1990s >> 1993 >> no-1061-january-1993

Letter: Who’s right about human nature?

  The article on human nature we published last August has provoked a critical response from one of our readers. We publish below a long extract from his lengthy letter, together with our reply.

Your article “Is Human Nature a Barrier to Socialism?” (August Socialist Standard) requires comment.

 

Following a somewhat sloppy overview of the history of evolutionary theory you decide on an onslaught on your defined “social darwinism” and suggest that “painstaking work in the field” by Schaller, Goodall and Fossey “has shown unequivocally that these animals [chimps, gorillas, orang-outangs) do not fundamentally possess any of the characteristics of aggression . . .  that have been attributed to them”.

 

One can only assume that the comrades who produced this statement have read very little of the author they cite. The fullest account is surely that of Jane Goodall in her The Chimpanzees of Gombe: Patterns of Behaviour (1986). In her chapter on Territoriality. she reports (from many sources, including your George Schaller) that territorial behaviour is widespread in the animal kingdom while in the higher (primate) species it often adopts a frightening and vicious form. Interestingly, the form of the behaviour is determined by, among other things, the size of the territory and the size of the group occupying it.
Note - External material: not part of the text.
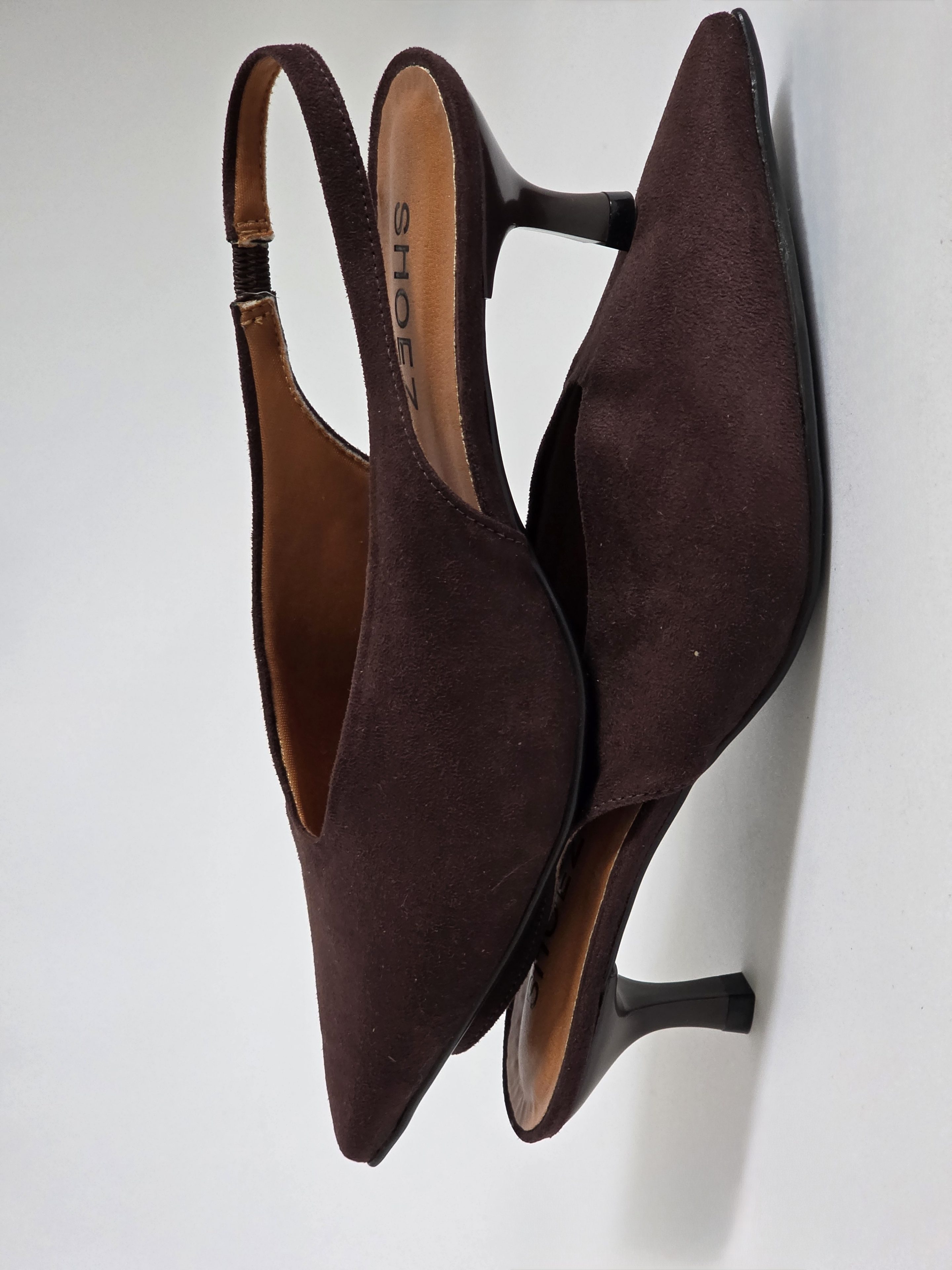 Lora Dark Brown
If the territory is small, the boundaries are visited daily and intruders are frightened off—using the ritual behaviour explored so competently by Konrad Lorenz.

 

If the territory is large, boundaries are less well monitored but the hierarchy within the group is much more rigidly enforced—(again evidence of the findings of Lorenz vis-à-vis the “functions” of social groups). Typically gibbons occupy “smaller” territories, baboons “larger” ones. The early work on the nature of territorial aggression was that of Robert Ardrey who argued that mans most immediate ancestors were apparently non-aggressive apes resembling chimpanzees or gorillas.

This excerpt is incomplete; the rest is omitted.